L’enjeu de la connectivité avant celui de la cybersécurité
Avant d’évoquer pleinement la question de la cybersécurité en Afrique, il convient avant tout, de poser une série de constats sur le niveau de connectivité du continent africain. Rappelons tout d’abord que le taux d’accès de la population du continent à Internet a atteint 20% en 2015, contre 77% en Europe.
Et si certains observateurs saluent les nombreux projets en cours visant à relier l’Afrique aux autres continents par des câbles sous-marins, il est utile de rappeler que les gains de connectivité ne bénéficieront pleinement qu’aux populations dont les États auront préalablement résolu les problèmes d’approvisionnement et de délestage électriques, puis investi dans une infrastructure nationale des Technologies de l’Information et de la Communication (TIC).
Une cybersécurité encore timide face aux menaces
Il existe bel et bien un développement du numérique en Afrique, caractérisé par bon nombre d’études comme porteur de croissance économique. De nombreux projets fondés sur l’utilisation du numérique vont en effet dans ce sens, facilitant une sortie de la pauvreté et un développement économique local.
Pour accompagner ce mouvement, certains pays comme le Sénégal ou le Kenya se sont dotés d’autorités chargées de piloter et promouvoir le développement des TIC au niveau national. Mais en Afrique comme ailleurs, le développement du numérique est synonyme de développement des menaces.

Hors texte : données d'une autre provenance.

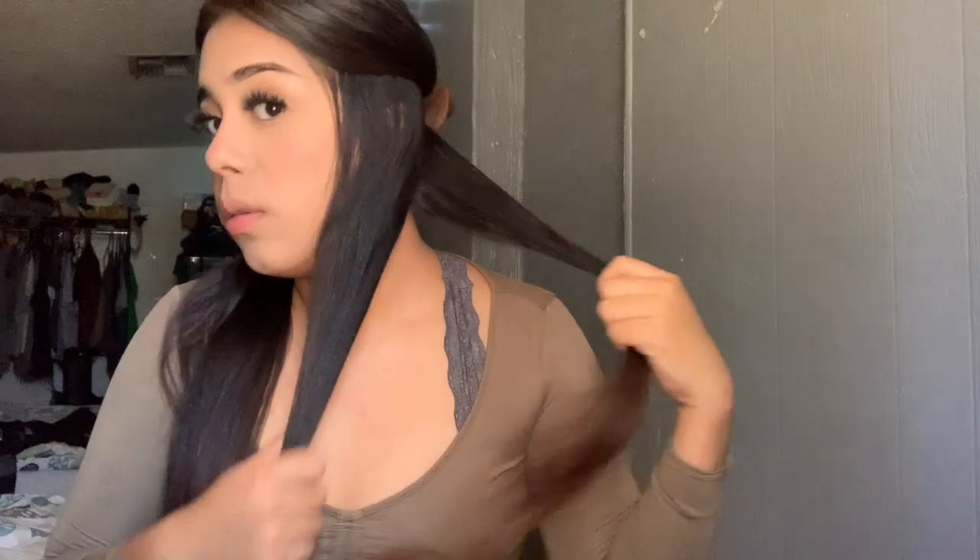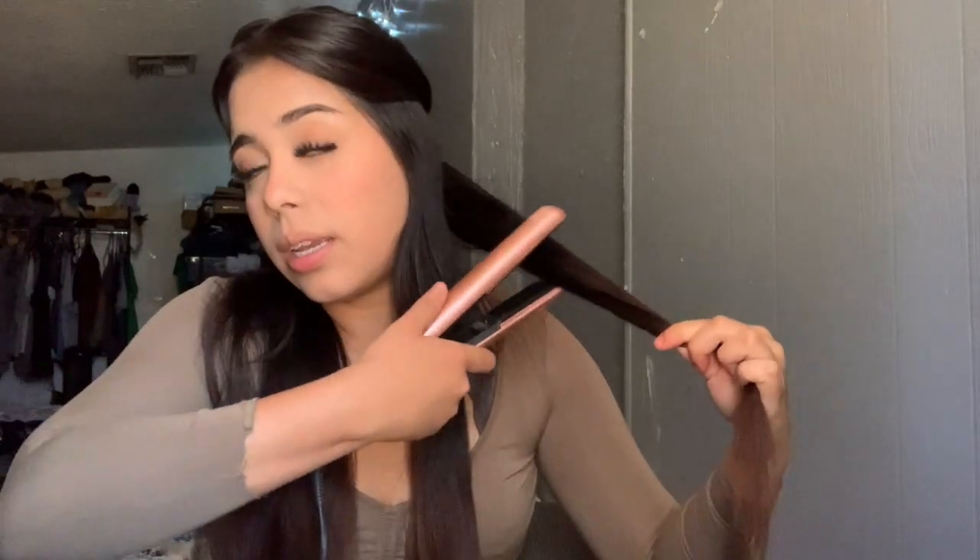Here we're just gonna get a little piece of hair and brush it out. I have my straightener at 425 degrees. We're gonna grip it, twist it — grip it simple. So we're just gonna go through it.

Face à ces cyberménaces, force est de constater que l’action des États africains en matière de cybersécurité est globalement encore timide. À ce jour, seulement 40% des pays africains disposeraient d’un cadre législatif sanctionnant les actes liés à la cybercriminalité.
Certains de ces pays disposent par ailleurs d’une autorité dédiée à la cybersécurité, voire d’un CERT dont le rôle est de répondre aux incidents. Mais bon nombre de pays africains peinent à lutter efficacement contre la cybercriminalité, en raison notamment d’un déficit important de ressources.
Ce manque touche autant la main d’œuvre qualifiée en cybersécurité, tant dans le secteur public que privé, que les formations dédiées et les ressources matérielles et technologiques adéquates. En outre, le faible nombre de mécanismes de coopération entre pays africains et avec le reste du monde complique considérablement l’identification, l’interpellation et le jugement des cybercriminels par les forces de l’ordre. Enfin, même si ce n’est pas l’apanage des pays africains, il existe un risque dans certains États que la cybersécurité soit dévoyée afin de limiter la liberté d’expression, comme cela a été le cas en Angola.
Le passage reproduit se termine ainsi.